Dans notre époque si peu épique, proche d’une certaine glaciation et d’un certain réchauffement, qui ne remue la queue que dans des forums, des blogs ou quelques émissions de gaz médiatique, une chose est sûre : Jean-Edern Hallier n’existe plus. Vous pouvez chercher, il n’est plus là. Sous les meubles, sous la moquette, sous les interdictions en tout genre et les recommandations multiples, il n’est plus là. Derrière les vigiles de la bonne morale et les censeurs de tout ce qui fait rire, les gardiens de temples détruits depuis belle lurette et les donneurs de leçons des importances hebdomadaires, il n’est plus là. Hallier n’existe plus. Du tout. Son vent a disparu. Ce vent breton, sans doute, mi-fêtard, mi-souleveur de jupes, annonciateurs de simulacres de tempêtes ou de réelles furies, ce vent imprévisible ne souffle plus, nulle part.
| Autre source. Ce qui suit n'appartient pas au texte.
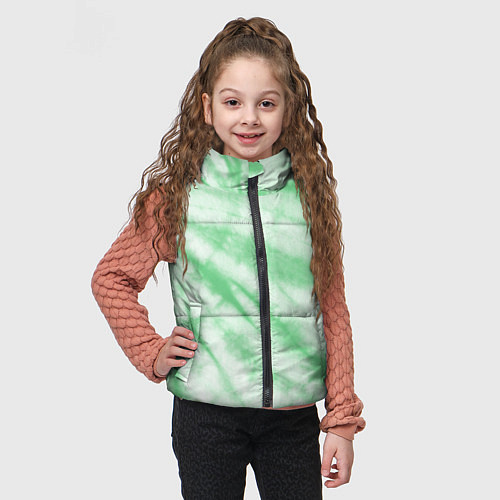 Детский жилет Салатовый тай дай / 3D-Красный – фото 3
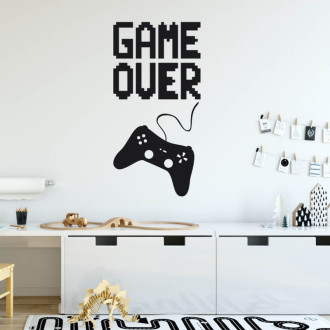 Painting Stencil Game Over 2495
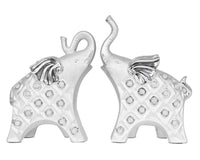 2pc Elephant Set Decor
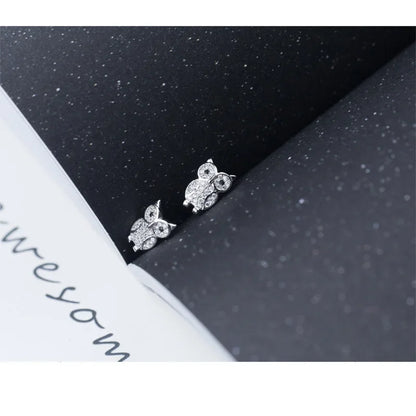 Aretes Búho con Zirconias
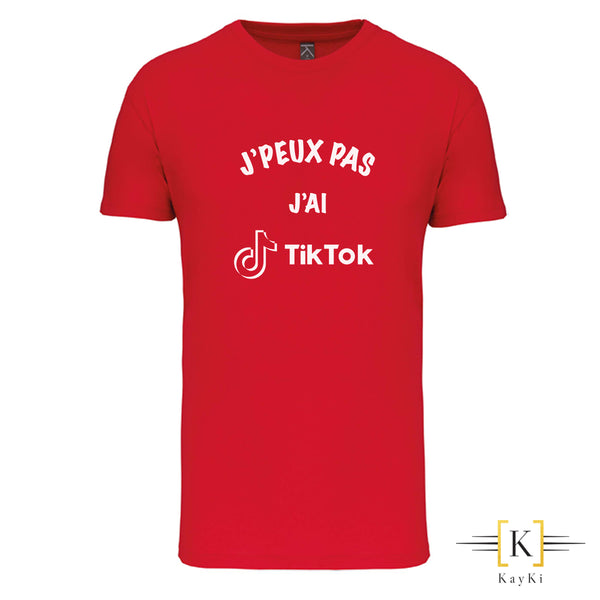 T-Shirt enfant (mixte) - Je peux pas j'ai TikTok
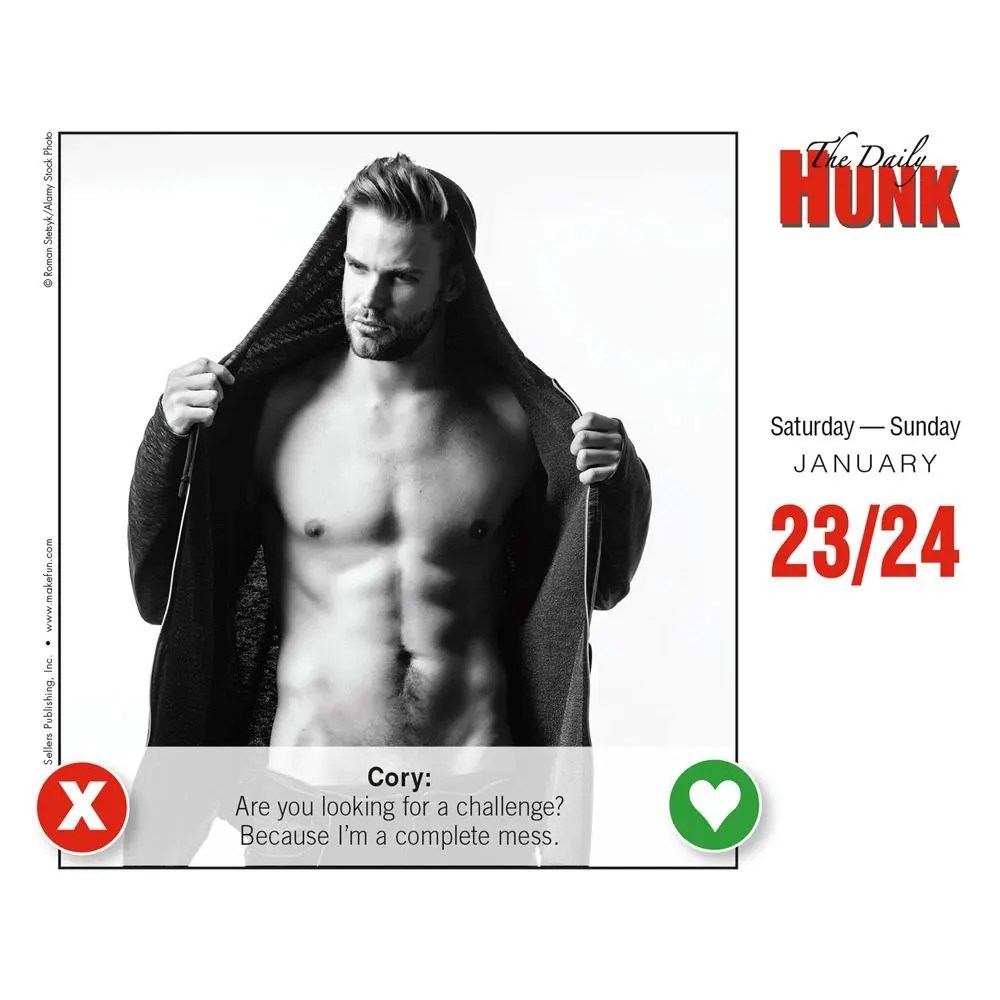 Daily Hunk Desk Calendar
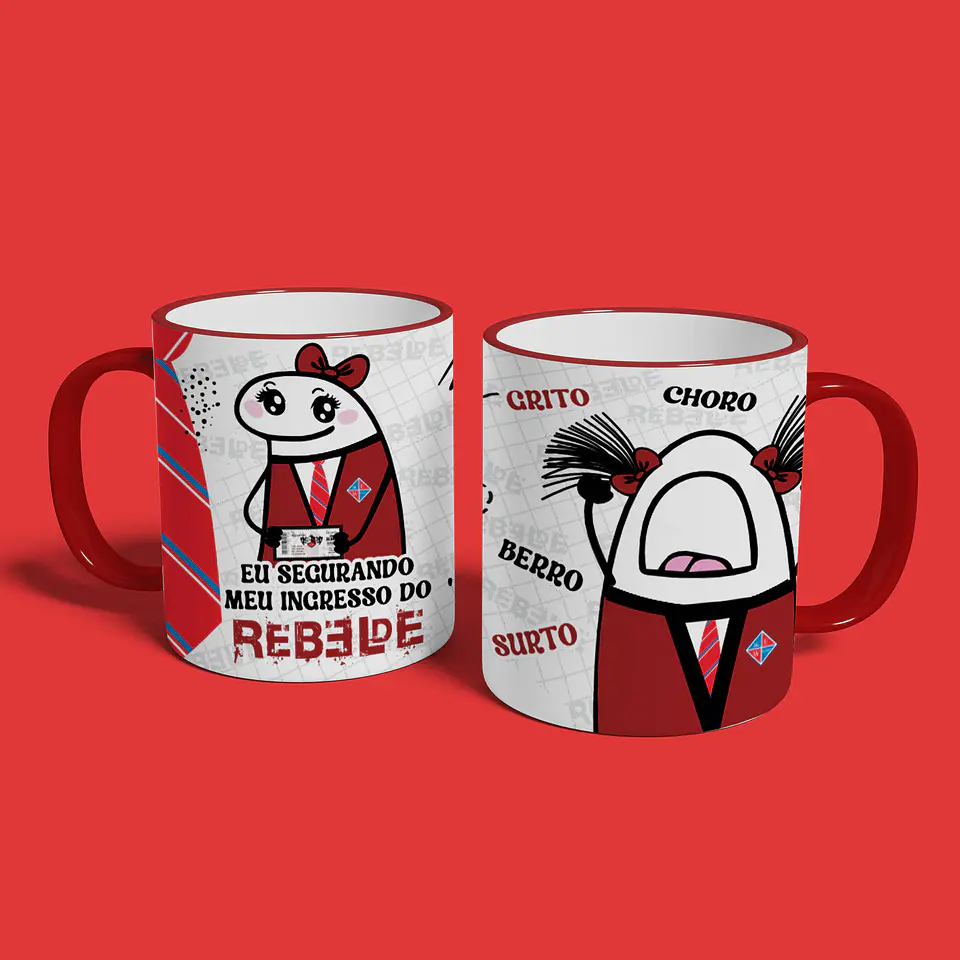 9 Artes para Caneca e Camisa Flork Rebeldes RBD Arquivo em Jpg  5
Tout a, du coup, tiédi. Tout s’est réchauffé, donc, comme sorti du micro-onde, fumant, et mou.
Aujourd’hui on réédite, on décongèle. D’anciens romans, Fin de siècle ou L’évangile du fou, qu’on soulignait à l’époque, pour se les relire en bref, et de faux textes posthumes, ridicules et inutiles, comme ces Fax d’outre tombe qui n’enquiquineront que les asticots. Et encore. Cerise sur la barbaque : un certain Dominique Lacout a convaincu le frère d’Edern, Laurent Hallier, de commettre un livre enquête pathétique censé démontrer que le cycliste fou de Deauville était mort assassiné au volant de sa bicyclette. Assassiné par qui ? La DST ? Un proche de Mitterrand ? Mazarine ? Les fils cachés de Don Quichotte (encore eux !) ? Aujourd’hui, donc, sous prétexte de célébrer, on grille le bouffon royal pour le transformer en vulgaire saucisse de barbecue. Ce qu’il n’a jamais été.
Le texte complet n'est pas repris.